教師嫌いの私は学生時代に友達だけでなく、先生も大いにイジメた。

ヘンな自慢話をするつもりはないが・・・
私にしてみれば、たかが学生ごときにやり込められるような先生を信頼して教わる気にはなれなかった。

実に生意気でイヤな生徒だったと思うが・・・
中には、こっちが思っている以上に、真剣に受けとめてくれて・・・
職務以上に付き合ってくれた先生も少なくはない。
そんな「先生らしくない」先生たちとは、いまだに定期的なつきあいが続いている。

さて、昔ある中学校に新任の英語教師がやって来た。

クラスには、ちょうど私のように小生意気でズル賢い生徒がいたようで・・・
新任の教師をからかってやろうと、授業中、あら探しばかりしていた。

ある日、とうとう"決め手"を見つけたその生徒は、新任教師に向かって言った。

「先生は間違っています。辞書には、こう出ています」

こういう時の生徒の得意顔は容易に想像がつく。
こうした場面になると、後から後からヤジを飛ばす生徒なんかも出てくる。
・・・私の時には、そうだった。

ここで先生が慌て出すと、もう教室はパニック。
教師の威厳はいっぺんで地に落ち、ヘタをすると次の授業から、ビクビクしながら出てくるハメになる。

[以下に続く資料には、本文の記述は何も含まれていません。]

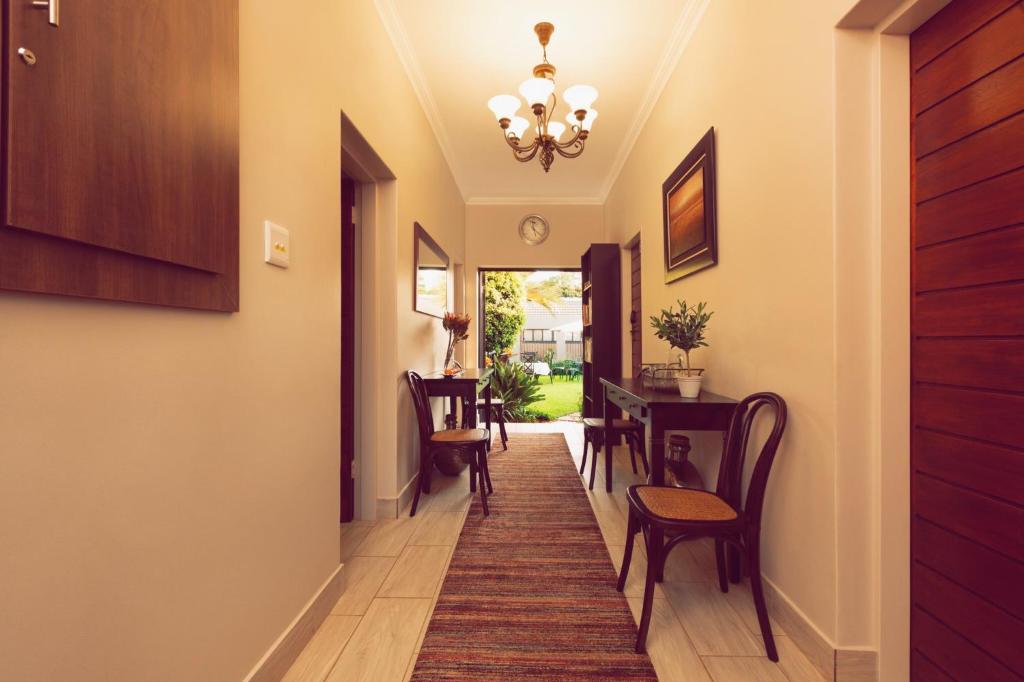 Three Olives Guesthouse photo 4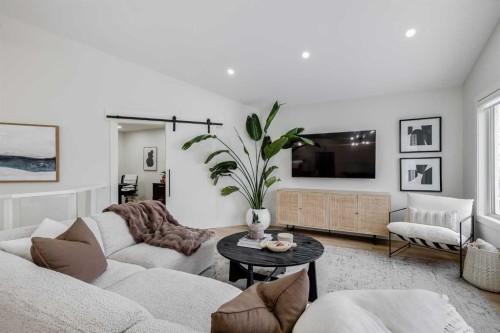 9810 Hidden Valley Drive Nw, Calgary, AB - Indoor Photo Showing Living Room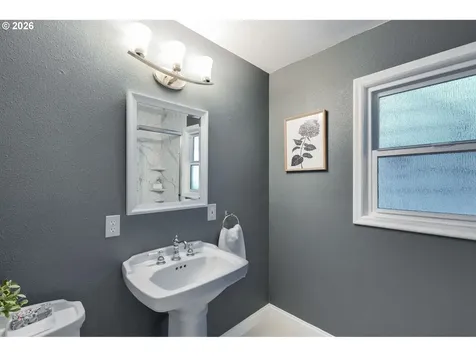 3566 NE Maywood Place Portland OR 97220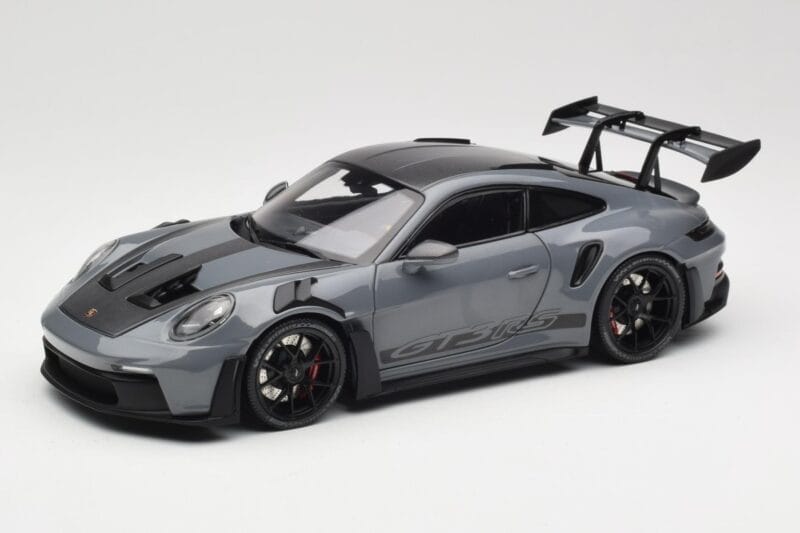 Porsche 911 992 GT3 RS Crayon Weissach Package & Black Wheels Minichamps 1:18 110062024 Kovina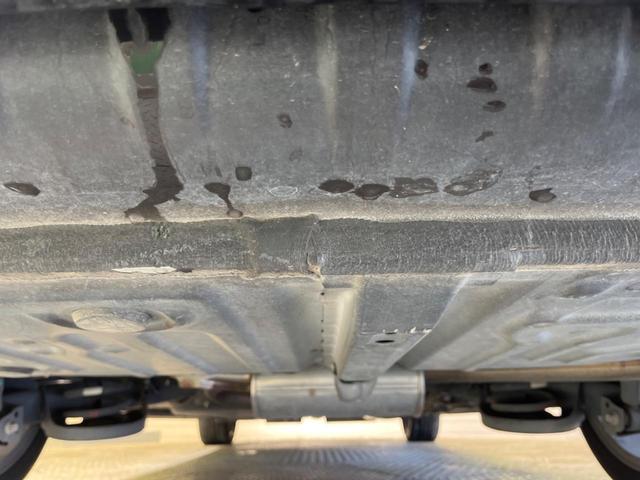 ヴォクシー Ｖ　７人乗　禁煙車　純正９型ナビＴＶ　純正１１型後席モニター　両側電動ドア　バックカメラ　ＬＥＤヘッド　ＢＡＤＸ１７インチＡＷ　クルーズコントロール　ＥＴＣ　スマートキー　デュアルオートエアコン（20枚目）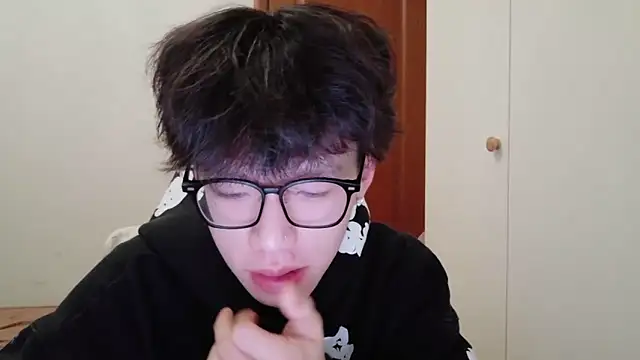 hangzi-0011 online show from 11/26/25, 12:39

しかし、その新任教師は生徒が騒ぎ出す前に、フンと鼻を鳴らした。

「では、その辞書は誤りだ。私が言った通りに直しておけ」

この言葉には、さすがの小生意気な生徒も言葉を失い・・・以後、生徒たちは先生の教えを守ったという。

この時の新任教師の名前を夏目金之助という・・・漱石が教壇に立っていた頃の話である。

生徒の質問内容が具体的にどんなモノであったのか・・・
漱石の教えた内容は、はたして本当に辞書より正しかったのか・・・
それはハッキリしないが、そんなコトは問題ではない。

教師は生徒に勉強を教える「プロ」である。
そして「プロ」としての必要最低条件は・・・相手に「信頼」されるコトだ。
「信頼」のおけない相手には誰も仕事を頼まない。

学校の場合、生徒が先生を選ぶというコトは難しいから・・・
当たり前のように先生は先生と呼ばれているけれど、それはある意味で「特殊な世界」でのみ通用する話。

教科書に書いてあるコトが全部正しいんだとしたら・・・みんな本だけ読んでいればいいんだから、ね。
マニュアル通りで通用すれば・・・仕事に悩む人など世間に誰ひとりいないはずだ。